A materialized view does the insert step above automatically. Here's a concrete example based on the average house price per town example we used above.

③ At query time, the -Merge aggregate function combinator can be used to combine the partial aggregation states into the final result aggregation values:

SELECT
    town,
    avgMerge(avg_price_state) AS avg_price
FROM <table with AggregatingMergeTree engine>
GROUP BY town;

Compared with ClickHouse, Elasticsearch leverages a completely different parallelization approach for its terms aggregation (which is used to calculate counts in Elasticsearch). This leads to less efficient hardware utilization than ClickHouse: The terms aggregation always needs a size parameter (called n in the following), and Elasticsearch runs this aggregation with one CPU thread per shard, independent of the number of CPU cores. Each thread calculates shard-local top n results (based on the largest count values per group by default) from its processed shard. Shard-local results are eventually consolidated into a global top n final result.

Elasticsearch’s multi-node parallelization of the terms aggregation works similarly. When the shards are spread over multiple nodes, each node produces (with the technique explained above) a node-local top n result, and these node-local results are consolidated into the final global result by the coordinating node (the node that initially received the aggregation query).

Based on how the data is spread over shards, this parallelization approach potentially has a precision issue. We illustrate this with an example: We assume, based on the UK property prices dataset, that we want to calculate the top two towns with the most sold properties. The data is spread over two shards. The figure above shows abstractly ① the shard-local counts of property sale records per town. Each processing thread ② returns a shard-local top 2 result, which is consolidated ③ into the final global top 2 result. This result is incorrect, though. Based on the shard-global data, this is the correct count of records per town:

Town 1: 11
Town 2: 8
Town 3: 9
Town 4: 9

The ③ result calculated by Elasticsearch has both the count value and ranking for Town 2 wrong. Precision can be increased by analyzing returned count errors and adjusting the shard size parameter - this commands each processing thread to return a larger top n result from each shard than requested by the query, increasing memory requirements and runtimes.

Elasticsearch also leverages SIMD hardware units based on the JVM's auto-vectorization and the Java Panama Vector API. Additionally, since Elasticsearch 8.12 segments can be searched in parallel by query processing threads, with the exception of the terms aggregation. Because applying the above-mentioned technique to segments instead of shards has the same issue with precision. As a shard consists of multiple segments, this would also multiply the work per processing thread with an increased shard size parameter.
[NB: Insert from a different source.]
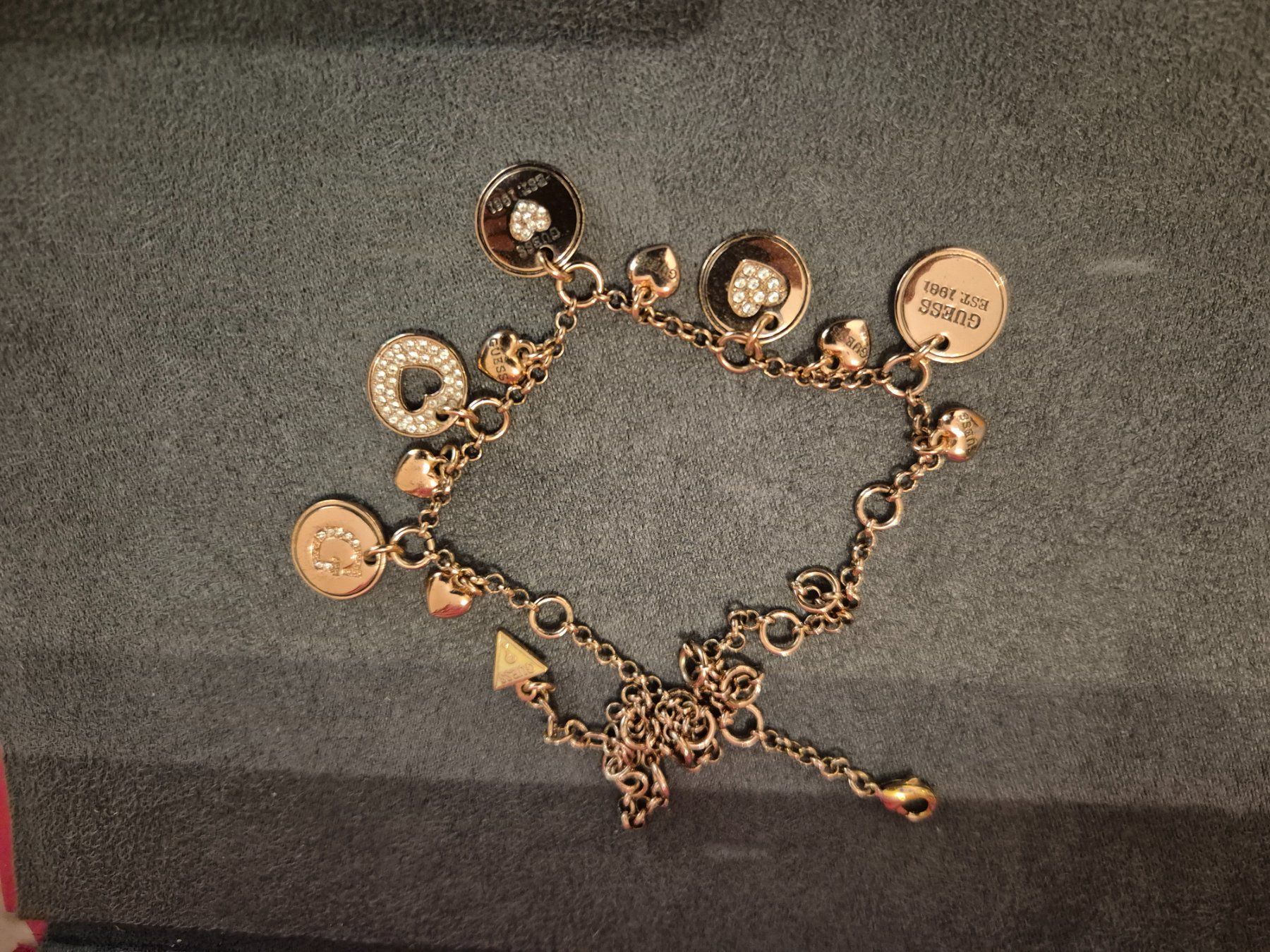 Guess Ketten: Collana Guess – Gebraucht aus Gampel von ven_s5lq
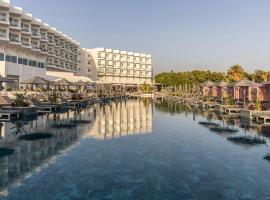 Cali Resort & Spa Designed For Adults by Louis Hotels，位于帕福斯的酒店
As described above, count values in Elasticsearch's terms aggregation are approximate by default when the queried data is split over more than one shard. The accuracy of results can be improved by analyzing returned count errors and adjusting the shard size parameter, but that increases runtimes and memory requirements.

The count(*) aggregation function in ClickHouse calculates fully accurate results.

ClickHouse count(*) aggregations are easy to use and don't require additional configuration like in Elasticsearch.

Because of its execution model, count aggregations without a limit clause are impossible in Elasticsearch — users must always specify a size setting. Even with large size values, bucket aggregations over high-cardinality data sets are restricted by the max_buckets setting or require paginating through results using an expensive composite aggregation.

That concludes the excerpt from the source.